Working further in Gore’s favor is journalism’s penchant for perpetuating unexamined master narratives. Gore is the front-runner because he was the loser in a tight race yet the winner of the popular vote. The master narrative must see the two antagonists meet again on the streets of Dodge City for a final shoot-out in 2004. Chapin may be right that no other democrat has a chance. But then pop-punditry claims Gore lost a campaign that could not be lost, so…

May 2, 2002

Talk is not cheap…

Unnamed sources in a story published by the Los Angeles Times say former president Bill Clinton talked to NBC about hosting his own television show for $50 million. As of now, no one in a position to know (and willing to be named) has confirmed this. Clinton is apparently in Los Angeles for a Democratic fund-raiser, although the Times could not find a source willing to be named for this bit of information, either. So just what did Clinton talk about when he met with executives at NBC yesterday?

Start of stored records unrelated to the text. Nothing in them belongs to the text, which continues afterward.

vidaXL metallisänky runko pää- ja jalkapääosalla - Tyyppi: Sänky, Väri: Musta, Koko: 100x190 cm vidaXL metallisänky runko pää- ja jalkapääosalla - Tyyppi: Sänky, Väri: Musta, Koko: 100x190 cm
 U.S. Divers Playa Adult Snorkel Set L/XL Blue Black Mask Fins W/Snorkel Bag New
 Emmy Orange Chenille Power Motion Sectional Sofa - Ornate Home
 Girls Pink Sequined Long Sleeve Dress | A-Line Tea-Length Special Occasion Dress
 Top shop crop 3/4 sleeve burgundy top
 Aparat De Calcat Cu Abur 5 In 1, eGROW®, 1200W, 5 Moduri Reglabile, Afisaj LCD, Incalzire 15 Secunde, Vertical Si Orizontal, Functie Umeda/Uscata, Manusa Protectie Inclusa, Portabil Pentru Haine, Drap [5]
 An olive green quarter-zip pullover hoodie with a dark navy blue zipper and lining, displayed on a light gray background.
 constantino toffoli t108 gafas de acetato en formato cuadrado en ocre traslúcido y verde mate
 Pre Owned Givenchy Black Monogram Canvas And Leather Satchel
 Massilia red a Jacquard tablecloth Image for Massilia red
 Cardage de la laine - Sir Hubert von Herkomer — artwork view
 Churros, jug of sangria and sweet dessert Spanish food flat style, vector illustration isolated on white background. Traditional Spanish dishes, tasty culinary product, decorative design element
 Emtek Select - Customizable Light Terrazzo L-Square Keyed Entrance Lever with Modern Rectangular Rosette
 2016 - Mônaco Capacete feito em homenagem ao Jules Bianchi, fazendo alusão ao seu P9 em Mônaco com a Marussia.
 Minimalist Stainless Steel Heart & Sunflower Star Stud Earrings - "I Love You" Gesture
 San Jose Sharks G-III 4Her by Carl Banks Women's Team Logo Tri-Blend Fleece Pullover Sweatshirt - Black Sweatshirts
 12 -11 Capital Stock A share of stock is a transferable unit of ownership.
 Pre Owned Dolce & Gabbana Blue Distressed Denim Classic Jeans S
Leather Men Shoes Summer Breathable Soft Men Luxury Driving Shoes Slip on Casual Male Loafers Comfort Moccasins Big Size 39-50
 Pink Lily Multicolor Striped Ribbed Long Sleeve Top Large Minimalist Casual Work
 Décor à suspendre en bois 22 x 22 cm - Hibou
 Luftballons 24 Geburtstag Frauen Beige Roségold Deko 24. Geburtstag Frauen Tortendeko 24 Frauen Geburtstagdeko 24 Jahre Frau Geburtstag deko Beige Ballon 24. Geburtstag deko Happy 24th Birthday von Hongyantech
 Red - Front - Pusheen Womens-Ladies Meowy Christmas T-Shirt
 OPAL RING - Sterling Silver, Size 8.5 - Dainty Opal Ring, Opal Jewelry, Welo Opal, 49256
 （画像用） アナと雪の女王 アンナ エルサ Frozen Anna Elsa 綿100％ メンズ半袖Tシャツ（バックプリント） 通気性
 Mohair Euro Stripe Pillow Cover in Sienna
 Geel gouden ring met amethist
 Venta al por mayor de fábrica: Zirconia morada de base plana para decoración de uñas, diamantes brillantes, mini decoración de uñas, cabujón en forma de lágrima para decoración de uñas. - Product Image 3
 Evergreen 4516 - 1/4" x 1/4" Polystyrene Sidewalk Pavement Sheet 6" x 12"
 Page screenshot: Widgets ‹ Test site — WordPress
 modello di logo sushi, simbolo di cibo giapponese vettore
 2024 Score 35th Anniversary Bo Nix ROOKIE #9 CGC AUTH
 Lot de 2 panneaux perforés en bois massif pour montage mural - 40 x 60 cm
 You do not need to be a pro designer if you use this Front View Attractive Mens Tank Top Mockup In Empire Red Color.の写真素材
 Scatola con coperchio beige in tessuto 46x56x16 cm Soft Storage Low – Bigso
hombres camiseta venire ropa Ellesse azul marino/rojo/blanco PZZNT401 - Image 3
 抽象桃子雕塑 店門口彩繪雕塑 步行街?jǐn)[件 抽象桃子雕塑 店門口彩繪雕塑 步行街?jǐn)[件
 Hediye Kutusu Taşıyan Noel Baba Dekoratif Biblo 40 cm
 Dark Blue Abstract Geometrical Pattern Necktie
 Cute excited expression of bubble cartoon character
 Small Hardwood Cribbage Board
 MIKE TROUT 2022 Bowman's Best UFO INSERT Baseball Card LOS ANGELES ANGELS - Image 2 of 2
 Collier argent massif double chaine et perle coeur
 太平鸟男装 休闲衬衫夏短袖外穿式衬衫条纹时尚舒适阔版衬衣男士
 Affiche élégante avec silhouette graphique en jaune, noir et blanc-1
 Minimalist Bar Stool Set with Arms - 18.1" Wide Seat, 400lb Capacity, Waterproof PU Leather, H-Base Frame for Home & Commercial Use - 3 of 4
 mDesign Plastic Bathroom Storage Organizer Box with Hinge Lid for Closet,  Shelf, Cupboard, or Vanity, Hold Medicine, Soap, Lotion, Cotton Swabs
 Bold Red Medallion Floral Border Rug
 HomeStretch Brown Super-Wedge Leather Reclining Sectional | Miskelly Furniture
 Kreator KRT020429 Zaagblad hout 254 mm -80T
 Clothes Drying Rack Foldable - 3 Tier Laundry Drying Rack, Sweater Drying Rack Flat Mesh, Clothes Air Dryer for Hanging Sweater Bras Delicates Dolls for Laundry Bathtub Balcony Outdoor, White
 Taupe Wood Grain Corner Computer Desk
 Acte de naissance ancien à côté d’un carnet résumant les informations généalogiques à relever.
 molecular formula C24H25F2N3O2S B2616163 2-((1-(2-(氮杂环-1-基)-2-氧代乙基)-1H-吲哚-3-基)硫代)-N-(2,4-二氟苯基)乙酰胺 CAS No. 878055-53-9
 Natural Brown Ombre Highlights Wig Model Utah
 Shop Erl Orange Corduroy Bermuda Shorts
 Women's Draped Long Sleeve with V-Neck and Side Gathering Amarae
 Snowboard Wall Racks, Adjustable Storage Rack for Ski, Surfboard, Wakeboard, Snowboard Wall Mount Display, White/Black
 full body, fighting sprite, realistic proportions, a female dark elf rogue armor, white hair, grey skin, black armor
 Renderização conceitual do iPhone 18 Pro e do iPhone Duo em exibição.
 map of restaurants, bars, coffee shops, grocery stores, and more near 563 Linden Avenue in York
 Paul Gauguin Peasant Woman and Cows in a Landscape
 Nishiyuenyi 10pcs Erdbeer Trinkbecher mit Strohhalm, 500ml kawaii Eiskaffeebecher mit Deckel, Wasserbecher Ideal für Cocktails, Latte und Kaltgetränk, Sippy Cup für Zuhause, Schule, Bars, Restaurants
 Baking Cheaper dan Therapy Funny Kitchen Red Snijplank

Until someone in a position to know goes on the record, we will have no idea. If it turns out he is in L.A. for a fund-raiser, I think this may be the clue to the reason for the visit to NBC. While thin on facts, the Times story does make a cogent point about the likelihood of a Clinton talk show: “Television executives doubted that Clinton would sign up for a demanding regimen of daily tapings for 39 weeks that such a show would require.” Perhaps. Further, the Times article quotes an academic source naysaying the idea:

“The price he could pay is so much higher than the potential payoff,” said Robert Thompson, a professor of media and pop culture at Syracuse University. “Clinton is obsessed with his legacy, and a talk show is not the best way to erase Monica Lewinsky and the impeachment and reposition himself in high school history books for his positive achievements. How does he maintain his dignity if he cashes in on his ‘Animal House’ presidency?”

It seems the professor has answered his own question. What legacy is possible for an “Animal House” presidency? It is likely that this story is a floater–a bit of information leaked to the press for the purpose of testing the idea with the public. This is a common practice in Washington politics. If the idea flies, go for it. If it flops, deny any inquiries every took place.